How often do you read a sparkling 1000-word article and exclaim to yourself, "Now that should be preserved between hard covers"? Not very often. When you do, the odds are that it will be a column. And when a piece has you wondering why a tall tree fell and a small boy got up early in order to bring this self-indulgent dross to your breakfast table, that will be a column too.

"The British press is now overpopulated with second-rate performers," declares Christopher Silvester in his Penguin Book of Columnists (pounds 25). There are certainly large gangs of the species wittering away about how they coped during the cleaner's week off or copying out a news story and adding the exhortation that This Has Got To Stop.

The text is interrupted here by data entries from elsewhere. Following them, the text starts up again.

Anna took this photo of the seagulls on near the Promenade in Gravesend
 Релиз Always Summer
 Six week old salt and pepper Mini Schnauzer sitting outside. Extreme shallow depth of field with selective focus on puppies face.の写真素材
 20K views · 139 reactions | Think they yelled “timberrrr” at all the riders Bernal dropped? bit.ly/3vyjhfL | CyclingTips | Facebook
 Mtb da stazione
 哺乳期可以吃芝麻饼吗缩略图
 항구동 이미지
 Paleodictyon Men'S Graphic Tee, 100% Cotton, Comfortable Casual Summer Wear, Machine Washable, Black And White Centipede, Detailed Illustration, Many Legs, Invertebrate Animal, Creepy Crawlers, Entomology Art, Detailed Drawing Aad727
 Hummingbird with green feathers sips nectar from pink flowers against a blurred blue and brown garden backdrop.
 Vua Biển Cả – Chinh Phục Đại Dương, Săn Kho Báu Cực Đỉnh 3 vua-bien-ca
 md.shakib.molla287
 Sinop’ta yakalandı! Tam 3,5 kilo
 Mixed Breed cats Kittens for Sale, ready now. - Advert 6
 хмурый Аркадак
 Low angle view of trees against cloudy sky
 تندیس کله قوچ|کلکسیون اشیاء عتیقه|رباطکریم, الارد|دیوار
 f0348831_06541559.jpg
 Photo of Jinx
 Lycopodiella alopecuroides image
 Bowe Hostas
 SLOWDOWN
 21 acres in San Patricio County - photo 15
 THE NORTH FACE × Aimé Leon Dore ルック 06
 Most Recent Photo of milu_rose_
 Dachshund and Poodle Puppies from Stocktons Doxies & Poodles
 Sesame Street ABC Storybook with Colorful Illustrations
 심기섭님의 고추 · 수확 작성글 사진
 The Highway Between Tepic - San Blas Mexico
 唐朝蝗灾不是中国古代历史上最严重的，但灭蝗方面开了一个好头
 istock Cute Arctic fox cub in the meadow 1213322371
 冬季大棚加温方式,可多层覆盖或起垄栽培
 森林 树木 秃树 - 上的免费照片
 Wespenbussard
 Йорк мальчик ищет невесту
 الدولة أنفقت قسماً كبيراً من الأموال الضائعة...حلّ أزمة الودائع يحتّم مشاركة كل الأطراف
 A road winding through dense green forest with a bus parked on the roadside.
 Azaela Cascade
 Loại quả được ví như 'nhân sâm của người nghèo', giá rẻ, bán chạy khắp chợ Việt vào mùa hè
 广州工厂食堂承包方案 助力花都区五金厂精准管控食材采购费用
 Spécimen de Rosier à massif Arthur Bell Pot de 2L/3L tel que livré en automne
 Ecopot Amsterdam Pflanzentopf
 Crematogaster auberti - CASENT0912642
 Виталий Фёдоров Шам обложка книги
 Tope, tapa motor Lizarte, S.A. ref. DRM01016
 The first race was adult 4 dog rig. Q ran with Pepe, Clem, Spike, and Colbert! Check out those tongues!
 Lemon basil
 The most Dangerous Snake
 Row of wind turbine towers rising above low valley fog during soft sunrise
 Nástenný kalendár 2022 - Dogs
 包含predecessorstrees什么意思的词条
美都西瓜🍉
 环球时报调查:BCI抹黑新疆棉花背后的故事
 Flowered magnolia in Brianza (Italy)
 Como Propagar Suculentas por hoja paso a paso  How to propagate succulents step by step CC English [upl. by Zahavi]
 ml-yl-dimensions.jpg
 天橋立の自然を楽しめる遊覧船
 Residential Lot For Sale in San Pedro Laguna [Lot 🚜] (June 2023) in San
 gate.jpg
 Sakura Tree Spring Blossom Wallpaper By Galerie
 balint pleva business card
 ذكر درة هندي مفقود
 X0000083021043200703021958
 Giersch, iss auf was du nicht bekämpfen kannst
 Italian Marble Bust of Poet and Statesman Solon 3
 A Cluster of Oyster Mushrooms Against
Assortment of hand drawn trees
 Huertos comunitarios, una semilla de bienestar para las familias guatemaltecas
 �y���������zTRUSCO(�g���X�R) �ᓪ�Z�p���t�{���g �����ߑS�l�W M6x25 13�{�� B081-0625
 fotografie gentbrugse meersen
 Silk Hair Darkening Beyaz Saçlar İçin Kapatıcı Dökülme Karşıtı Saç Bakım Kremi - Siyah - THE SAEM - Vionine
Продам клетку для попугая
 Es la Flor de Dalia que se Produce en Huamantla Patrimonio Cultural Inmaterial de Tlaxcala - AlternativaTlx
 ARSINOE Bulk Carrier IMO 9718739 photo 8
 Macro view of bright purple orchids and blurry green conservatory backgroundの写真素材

And there is Julie Burchill. Wisely, Christopher Silvester has not made house room for Stalinist Thatcherites with (grudgingly, I admit it) a nicely turned phrase. Instead, his book aims to give us first-rate performers to fill the current columnar gap. Well, it scores at least three hits: Keith Waterhouse, Keith Waterhouse and Keith Waterhouse. The man whose creative nostalgia makes him possibly the King of the Columnists, is represented here by the Sofa That Terrorised Brighton, the Ideal Homes of Essex and The Three Wise Social Workers. There are a couple of classics of the sickroom by the late Jeffrey Bernard, part of the raw material for the Waterhouse West End show Jeffrey Bernard is Unwell.

Anyone who published such a collection without including a couple of Michael Frayn gems would have his door kicked in at dawn by a Trades Descriptions hit squad. Silvester has done us proud. For older readers, there is a P-P-Patrick Campbell number based entirely and hilariously on the postmark of "Monmouth, Home of the Mole Wrench", a piece I always thought was written by Paul Jennings, who in fact wrote the one about being locked in a hotel bathroom on page 339.

Damon Runyon, when not writing Guys and Dolls, hammered out a piece about walks with Walter Winchell: not only did the great broadcaster not listen to a word Runyon said, he didn't read the note Runyon passed him either - at least, not the right way up. Then there's Bernard Levin. The two examples here do him full justice: hamfisted, self-satisfied, obvious, pompous, long-winded. One is clearly intended to be satirical and the other isn't. Give me John Junor any day - which Silvester does, showing the Sunday Express monster wasn't as terrible as we thought.

Ambrose Bierce wrote some good things but the extract here isn't one of them. The great J B Morton ("Beachcomber" to you) is remembered for Mr Justice Cocklecarrot and Captain Foulenough. He is not remembered for the rudderless sailing saga that sinks slowly over five pages of the anthology. Worst of all are the oceans of space given to Americans like "Colonel John R Stingo" whose prose simply does not cross the Atlantic (or even, I suspect, the street). A column has to produce some kind of resonance in a reader's brain. Stingo and Co remain silent and incomprehensible in 10pt type. It would have been much better to replace them all with the words used by one honest columnist in 1973: "I have nothing to say today."